Sobald deren Namen veröffentlicht sind, steht Kardinal Woelki unter dem Druck zu beweisen, dass er es ernst meint mit einem an die Katholiken seines Bistums gerichteten geistlichen Wort. Dieses überschrieb er mit Blick auf den 18. März mit dem Satz: „Die Wahrheit befreit uns.“

Woelki verband dies mit konkreten Ankündigungen. Mit der Untersuchung würden Verantwortlichkeiten klar benannt. „Und dann wird auch sofort die Frage im Raum stehen, welche Konsequenzen gezogen werden.“ Er werde die im Gutachten benannten Menschen, wenn es nötig sei, „vorläufig von ihren Aufgaben entbinden“.

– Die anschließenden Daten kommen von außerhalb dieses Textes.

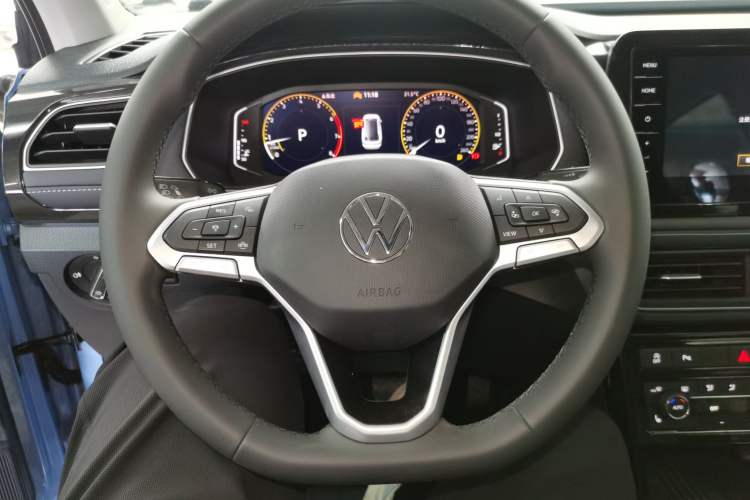 Used Volkswagen Tharu 2025 NewRui 300TSI Prestige Edition Steering Wheel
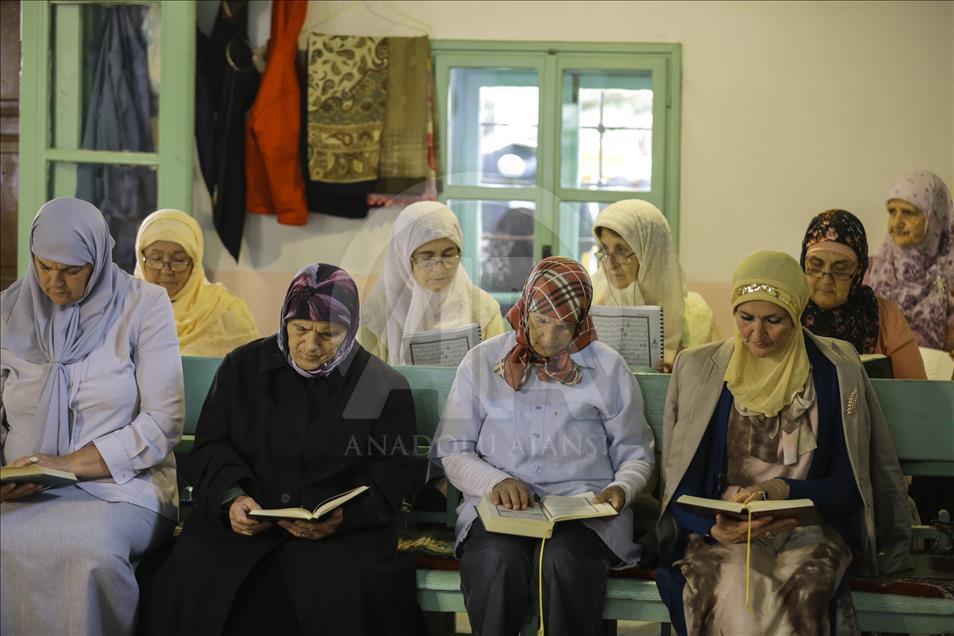 Women read Quran during Ramadan in Sarajevo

Der Kardinal selbst dürfte entscheiden, ab wann eine Entbindung nötig ist. Für sich selbst will Woelki keine Ausnahme machen. „Sofern es mich betrifft, habe ich bereits erklärt, dass ich mich den Ergebnissen der Untersuchung stellen werde“, sagte der 64-Jährige. Dazu sagte er einen Satz, der Sprengkraft für die katholische Kirche in ganz Deutschland birgt: „Dasselbe erwarte ich aber auch von anderen.“

Dieser Satz lässt sich nur deuten, er könnte zwei Richtungen haben. Konkret könnte er auf den Hamburger Erzbischof Stefan Heße zielen, der in Köln lange Personalchef war und gegen den es Vertuschungsvorwürfe gibt. Heße wies die Vorwürfe bisher immer zurück.

Woelki könnte aber auch ganz generell die Bischofskonferenz meinen, aus der er scharf kritisiert wurde. „Christ und Welt“, eine Beilage der Wochenzeitung „Die Zeit“, berichtete gerade, dass der wegen der verweigerten Veröffentlichung eines schon vor einem Jahr geplanten ersten Gutachtens viel kritisierte Woelki mit der Vorlage des neuen Gutachtens schneller und schonungsloser aufkläre als die sechs anderen deutschen Erzbistümer.

In den Erzbistümern Berlin, München, Freiburg, Paderborn, Bamberg und Hamburg sei die Aufarbeitung noch nicht so weit, schrieb „Christ und Welt“. Der gescholtene Woelki könnte mit den von ihm angekündigten Konsequenzen also nun einen Standard setzen – sollte er wirklich wie von vielen gefordert zurücktreten, müssten womöglich auch noch andere katholische Bischöfe absehbar ihre Stühle räumen.